The future of the Wallingford Community Pool has been an ongoing topic since the discovery of the need for significant repairs to the surface of this enormous, practically unique swimming facility. This fall, with the help of a survey, decisions on its future will be made.

This column will shamelessly advocate for keeping this community asset. In the spirit of full disclosure, I declare that I was a proud member of the first Community Pool Renovation Building Committee way back in the early 1990s when the debate concerning the future of the pool was first raised.  Jon Walworth, a professional engineer and former member of the Recreation Commission, among many other civic endeavors he has been involved in, chaired this committee of approximately seven of us.

At the time of our work, zero-depth pools, such as what we have at Community Pool, did not fit the State Department of Health regulations. A meeting we had in Hartford with this regulatory authority convinced us that they would not exempt our pool from regulations, so we proceeded to design a beautiful but standard-shaped pool. When we presented our recommendation in a Town Council meeting, several councilors went ballistic. They flat out rejected our proposal, and went on to secure special state legislation allowing this zero-depth feature, much to the lasting irritation of the Connecticut Department of Health.

The entire membership of our committee resigned after the public thrashing we took from the Town Council. Another committee was appointed and the project was completed, with Jon and other members sharing all that we had learned about public swimming pools, which was considerable.

I say all this so that readers understand that this Wallingford recreation facility has engendered long and deep affection among its many supporters.  I remain convinced that it should remain, and I would offer a few comments concerning: 1) its value as a community asset and 2) ways that improvements might boost participation.

Community asset: as noted above, the future of Community Pool has been debated before. I recall how those who advocated closing the pool permanently insisted that there was no longer sufficient interest because so many backyard pools existed, and that other alternative recreational activities were available.

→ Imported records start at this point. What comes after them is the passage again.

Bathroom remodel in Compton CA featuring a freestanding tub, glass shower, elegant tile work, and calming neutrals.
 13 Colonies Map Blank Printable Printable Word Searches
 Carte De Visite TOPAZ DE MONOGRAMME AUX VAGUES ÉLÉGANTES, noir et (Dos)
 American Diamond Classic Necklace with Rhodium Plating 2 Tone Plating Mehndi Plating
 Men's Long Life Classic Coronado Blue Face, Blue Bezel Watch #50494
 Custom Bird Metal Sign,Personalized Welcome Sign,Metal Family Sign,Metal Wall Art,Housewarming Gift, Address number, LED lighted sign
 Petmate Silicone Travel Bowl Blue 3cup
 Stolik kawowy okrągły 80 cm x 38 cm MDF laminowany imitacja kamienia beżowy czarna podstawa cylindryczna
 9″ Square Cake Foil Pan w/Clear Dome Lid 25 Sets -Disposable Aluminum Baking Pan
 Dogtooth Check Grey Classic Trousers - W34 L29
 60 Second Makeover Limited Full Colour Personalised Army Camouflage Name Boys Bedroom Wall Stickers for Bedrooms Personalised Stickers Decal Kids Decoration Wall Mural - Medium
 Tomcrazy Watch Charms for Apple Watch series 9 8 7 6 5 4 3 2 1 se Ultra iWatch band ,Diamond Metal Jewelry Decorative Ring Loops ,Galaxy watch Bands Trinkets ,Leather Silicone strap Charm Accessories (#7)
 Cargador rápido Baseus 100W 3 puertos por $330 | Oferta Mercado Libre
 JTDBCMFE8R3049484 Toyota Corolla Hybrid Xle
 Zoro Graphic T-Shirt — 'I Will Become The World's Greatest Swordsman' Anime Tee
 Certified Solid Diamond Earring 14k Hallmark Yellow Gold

What that argument failed to note is, first of all, Wallingford is not Palm Springs. There really aren’t that many backyard pools, and that means that most of the residents of Wallingford lack the opportunity to enjoy an outdoor swimming experience during the summer. Secondly, the Town Council needs to consider that there are many thousands of people within our community that do not have the wherewithal to access other water recreation elsewhere.

Third of all, this is indeed a community asset of long standing. I truly do not think that the composition of our population has changed such that a community pool is no longer worth maintaining. To the contrary, bringing this resource up to the standards of our other recreational assets would likely bring many people back to the pool.  

Ways to Improve Community Pool:  Let me start by saying that I take a backseat to no one in my admiration of our Parks & Recreation Department.  It is filled with energetic, creative and imaginative people that have made Wallingford the envy of many other towns when it comes to the range of fun activities and fine facilities the department offers.  

Having said that, I would therefore ask them to concentrate some of that energy and creativity to making Community Pool all it could be. Many articles I have read refer to a splash pad that could be installed. I can tell you that there are many, many such amenities — not all that expensive, by the way — that could truly enhance the experience people have at the pool, even if it meant shrinking the size of the pool to accommodate such enhancements. Our building committee discovered that twenty-five years ago, and the growth in the popularity of water parks shows that such features really add a whole range of entertaining experiences to a pool.  

My other suggestion is that pool tags be sold in places that are more convenient to reach than the department’s facility way out on Fairfield Boulevard. I might suggest places such as the Town Clerk’s Office and the Spanish Community of Wallingford to start. And advertise this availability as widely as possible.  

In short, Wallingford has an opportunity to lead once again as it had with the library expansion some years back. The investment made then has resulted in one of the finest such facilities in the State of Connecticut. Given the in-house talent of our Parks and Rec Department, there is no reason we couldn’t economically bring Community Pool up to that standard.

Stephen Knight is a former Wallingford town councilor.